▶ [Exercise brief]: In the entries below, find the line with "thumbnail image 1" and the line with "Cartoon man in purple shirt vector". Reproduce those two lines and every line between them exactly, and nothing more.

▶ [Data for review]:
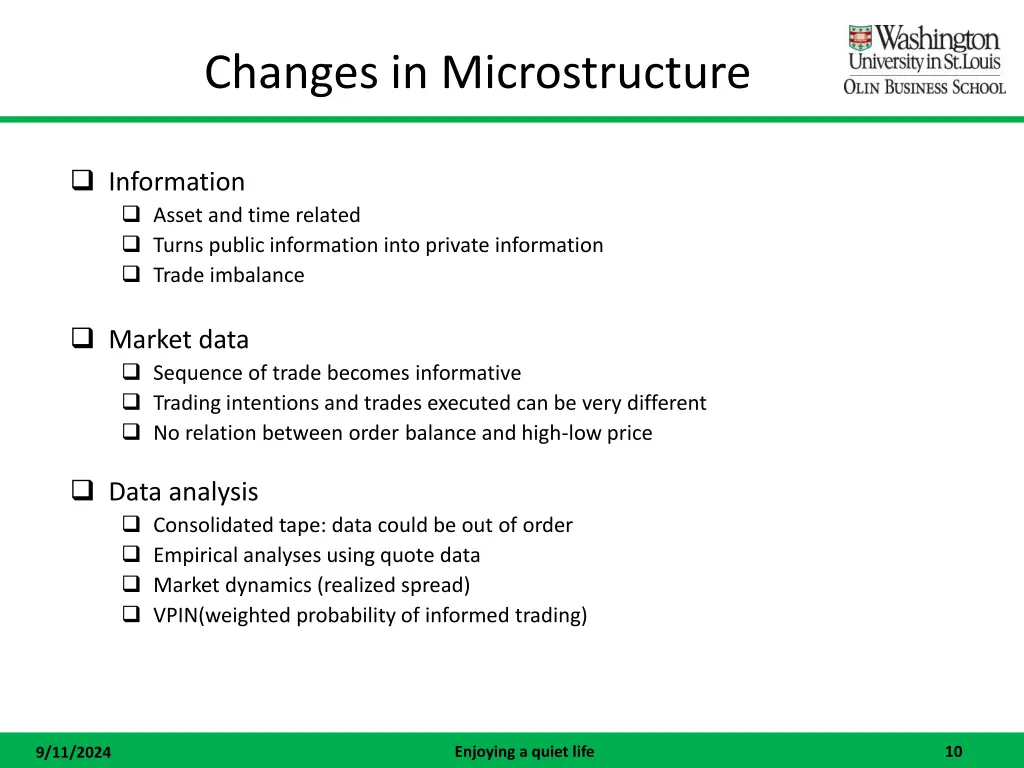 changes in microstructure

==

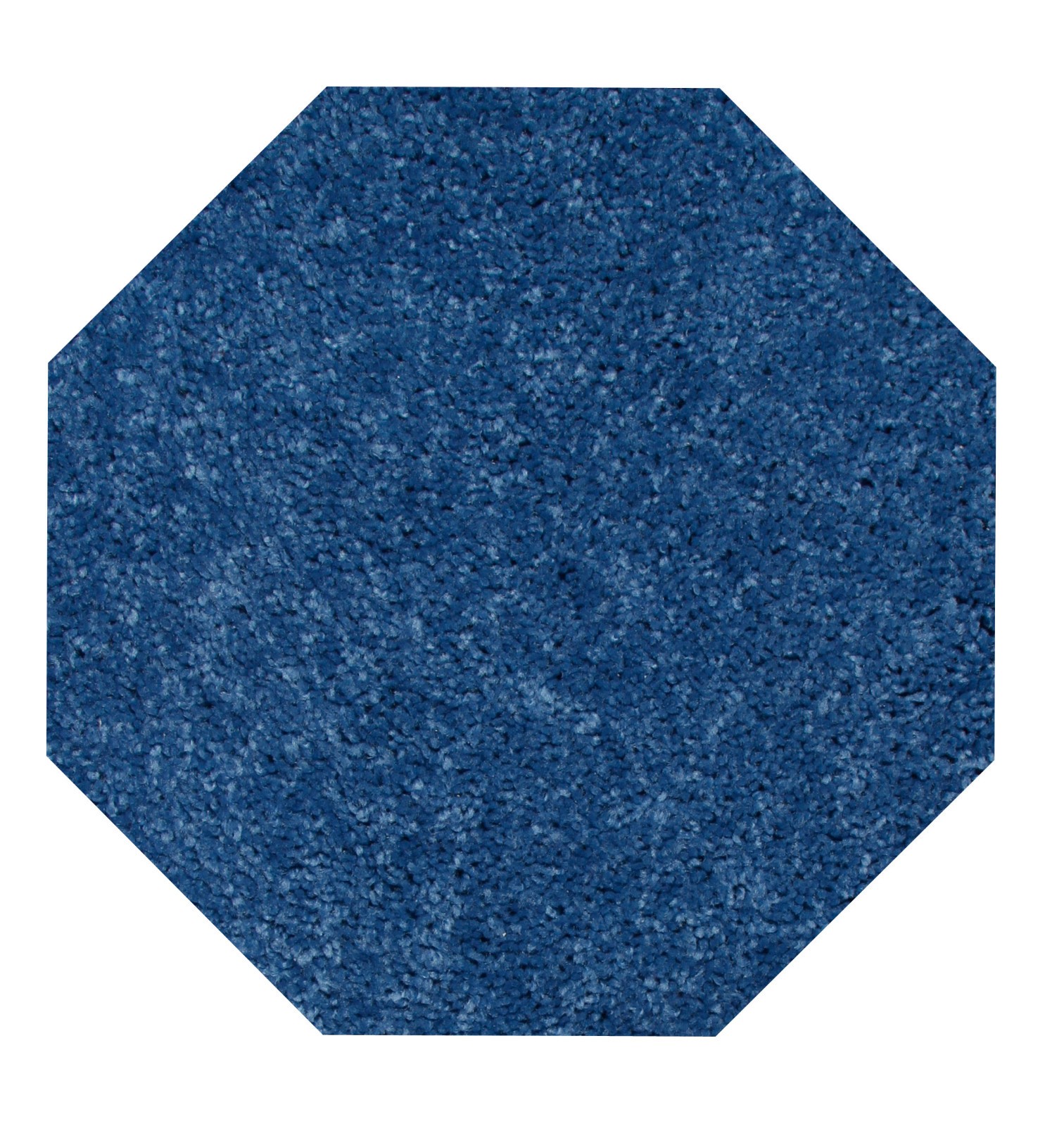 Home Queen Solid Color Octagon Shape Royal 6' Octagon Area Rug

---

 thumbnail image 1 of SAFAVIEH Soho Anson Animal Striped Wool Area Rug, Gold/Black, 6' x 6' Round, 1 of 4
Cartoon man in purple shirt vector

▶ [Solved exercise]:
 thumbnail image 1 of SAFAVIEH Soho Anson Animal Striped Wool Area Rug, Gold/Black, 6' x 6' Round, 1 of 4
Cartoon man in purple shirt vector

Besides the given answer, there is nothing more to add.